With the growing abundance of solar energy in the Philippines, it is not hard to hope that the country will soon become a leader in utilizing clean energy. All of the equipment, like the solar panels, would not be made possible if it weren’t for the man who discovered the photovoltaic effect: Edmond Becquerel.
Edmond Becquerel is a French physicist who studied solar spectrum, magnetism, electricity, and optics. He discovered the photovoltaic effect in 1839, which is the main operating principle of a solar cell. Contrary to popular belief, solar power technology is not a modern development. People have been utilizing this energy during the mid-1800s, during the industrial revolution. Solar energy was primarily used to heat water to produce steam and drive machinery.
The Personal Life of Edmond Becquerel
Becquerel was a pupil turned successor of his father at the Museum National D’Histoire Naturelle. He was appointed professor at the Agronomic Institute, a short-lived school in Versailles. He also became a department chairperson of the Physics department at the Conservatoire des Arts et Métiers in 1853. His son, Antoine Henri Becquerel, was one of the people who discovered radioactivity, earning him a Nobel Prize for Physics.
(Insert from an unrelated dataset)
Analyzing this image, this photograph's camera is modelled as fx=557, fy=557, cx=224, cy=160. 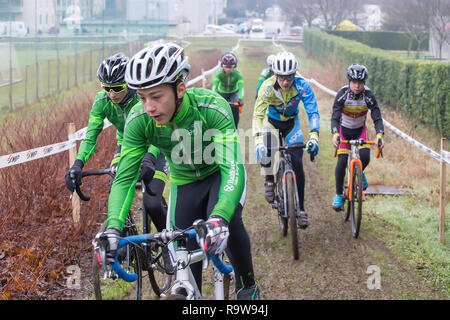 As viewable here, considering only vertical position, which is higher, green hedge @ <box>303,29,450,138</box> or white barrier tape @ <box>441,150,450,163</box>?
green hedge @ <box>303,29,450,138</box>

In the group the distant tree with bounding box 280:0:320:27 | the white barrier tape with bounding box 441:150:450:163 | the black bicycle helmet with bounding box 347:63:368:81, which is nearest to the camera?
the white barrier tape with bounding box 441:150:450:163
In addition to that, Becquerel also studied the properties of light. He paid special attention to the photochemical effects and spectroscopic characters of solar radiation and electric light. He also devised a phosphoroscope, an instrument that allowed the intervals between the exposures to the source of light and observing the effects to be varied at will and must be measured accurately.
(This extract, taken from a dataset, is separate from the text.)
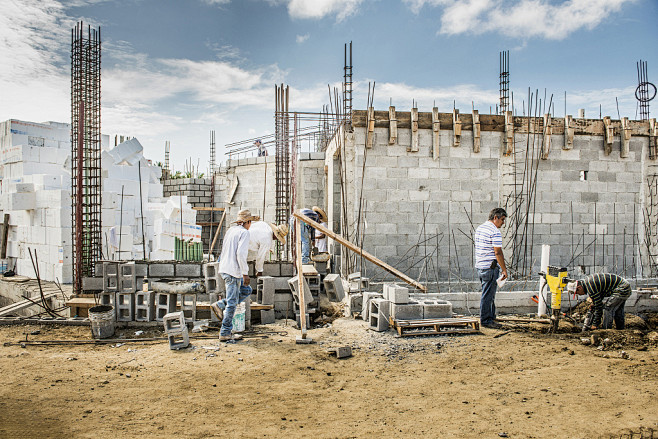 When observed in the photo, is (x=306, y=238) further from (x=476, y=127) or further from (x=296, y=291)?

He also explored the diamagnetic and paramagnetic properties of substances. Becquerel also showed interest in the phenomena of electromechanical decomposition, which added to the evidence of Faraday’s law of electrolysis, which are relationships based on electrochemical researches.
The Discovery of the Photovoltaic Effect
Becquerel discovered the photovoltaic effect, which showed how electricity can be produced from sunlight. According to Becquerel, “Shining light on an electrode submerged in a conductive solution would create an electric current” but, despite the amount of research and development poured onto the discovery, photovoltaic power continued to be not so efficient. This lead to solar cells having no function at all but to measure light.
While experimenting in his father’s laboratory as a teenager, Becquerel created the world’s first photovoltaic cell. He placed silver chloride in an acidic solution and illuminated it while it was connected to platinum electrodes. The result generated voltage and current, making the photovoltaic effect known as the “Becquerel effect.”
A century later, an American engineer named Russell Ohl patented the world’s first modern solar cell, after the invention of the transistor.
People might have stuck to oil and fossil fuels as energy sources if it wasn’t for Edmond Becquerel’s discovery. The sun, aside from helping all life forms grow and generating light for the benefit of all, became one of mankind’s most powerful energy source—probably one that will last until the end of mankind’s lifetime.